The Kellar Institute for Human DisAbilities (KIHd) is an interdisciplinary campus-based organization focusing on improving the lives and productivity of children and adults with disabilities. KIHd combines the resources of the university with local, state, regional, national, public, and private sector agencies and organizations to develop products, services, and programs for persons with disabilities.

ASPIRE Scholars

Amy Christy-Davila
Amy Christy-Davila, M.A., is an ASPIRE scholar and a former reading specialist and co-teacher with experiences teaching students with a range of learning needs, including high-incidence learning disabilities and English Learners. She co-taught elementary language arts, math, science, and social studies as well as secondary English, biology, and history. Amy’s PhD major at George Mason University is special education, particularly focused on evidence-based practices in reading and writing. She desires a secondary specialization that combines literacy, culture, and reading. Amy is involved in research on a technology-based persuasive writing intervention and is conducting a systematic literature review on academic interventions for students with learning disabilities who are also English learners. Additionally, she is consolidating information from student teachers about opportunities and challenges they experienced when completing online student teaching experiences during the pandemic.

Kia Felder Williams
Kia Felder Williams, M.A., is an ASPIRE scholar who has experience as a Special Education Coordinator in the urban school setting of Prince George's County, MD. She has taught elementary students with high-incidence disabilities, primarily autism. Her major research interests for her PhD at George Mason University are the effective implementation of interventions and assistive technology, Universal Design for Learning, and teacher preparation as it pertains to culturally responsive teaching and the intersectionality of race, culture, and education. Kia is interested in researching how the effective use and implementation of assistive technology and research-based interventions impact the overrepresentation of African American males in special education.

Roba Hrisseh
Roba Hrisseh, M.Ed., is an ASPIRE scholar who began her special education career in Detroit, Michigan, working with students with high-incidence disabilities in both the nonprofit and private sector. She then spent time working as an educational technology teacher for students with severe autism in Boston, Massachusetts. She plans to focus her PhD research at George Mason University on assistive technology, Universal Design for Learning, and international special education. Roba is currently working as a graduate research assistant on a writing intervention project that uses a technology-based graphic organizer to teach persuasive writing to students with high-incidence disabilities. Additionally, she is working on writing a research brief about the challenges of special education refugee students who have relocated to the U.S. Roba is co-authoring a book chapter focused on assistive technology interventions for individuals with high-incidence disabilities.

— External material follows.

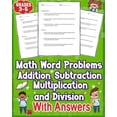 thumbnail image 1 of Math Word Problems Addition Subtraction Multiplication and Division With Answers Grades 3-5: Simplify one-step challenge, (Paperback), 1 of 1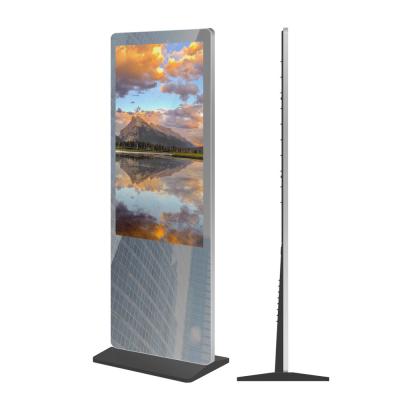 China 450 Nits Brightness Magic Mirror Display Kiosk 43 Inch Floor Standing Touch Screen for sale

Lastly, she is completing an internship at CAST’s Center on Inclusive Technology and Education, where she is researching effective methods for comprehensive and sustainable technology usage for students with a range of disabilities.

Reagan L. Mergen
Reagan L. Mergen, M.S., is an ASPIRE scholar with experiences as both a special and general educator teaching K-12+ students with a range of high-incidence disabilities in a variety of settings, including a social-emotional learning program. Reagan’s PhD research interests at George Mason University include Universal Design for Learning (UDL), evidence-based practices and technology use in inclusive educational settings, self-efficacy and self-regulation in mathematics interventions, and preparing teachers to use evidence-based practices to educate learners with high-incidence disabilities across educational settings. Reagan is currently working as a GRA on the WEGO-RIITE project, which is examining the effects of a technology-based graphic organizer on students writing. She is also part of a team working on a meta-analysis investigating the impact of UDL interventions on students’ learning. She is an intern on Project COOL: A Scalable UDL Coaching Model for CAST (Summer ‘21). Finally, Reagan is an Officer on the Executive Board of the PhD in Education Student Organization (PESO) at GMU for the 2021-22 school year.

Reagan Murnan
Reagan Murnan, M.Ed., is an ASPIRE scholar who taught middle school students with high-incidence disabilities in a suburban school in Loudoun County, Virginia. She also served as her school's special education department chair. Her major Ph.D. research interests at George Mason University involve writing interventions, incorporating writing evidence-based practices into instruction for teacher candidates, and Universal Design for Learning (UDL). Currently, Reagan is co-authoring a manuscript titled, Creating a Culture of Care Through Mindfulness in Teaching and Learning. She is also participating in research on a writing intervention involving a technology-based graphic organizer that also involves teacher professional development centered on data-driven decision-making. She is working with a colleague on a practitioner-friendly manuscript involving adolescent's self-regulation in the writing process. Reagan is also co-constructing a disability-focused manuscript involving agency and identity through children's literature. During Summer 2021, Reagan is completing an internship with CAST that aims to support significant and meaningful improvements in teachers' writing knowledge as well as their writing instruction self-efficacy.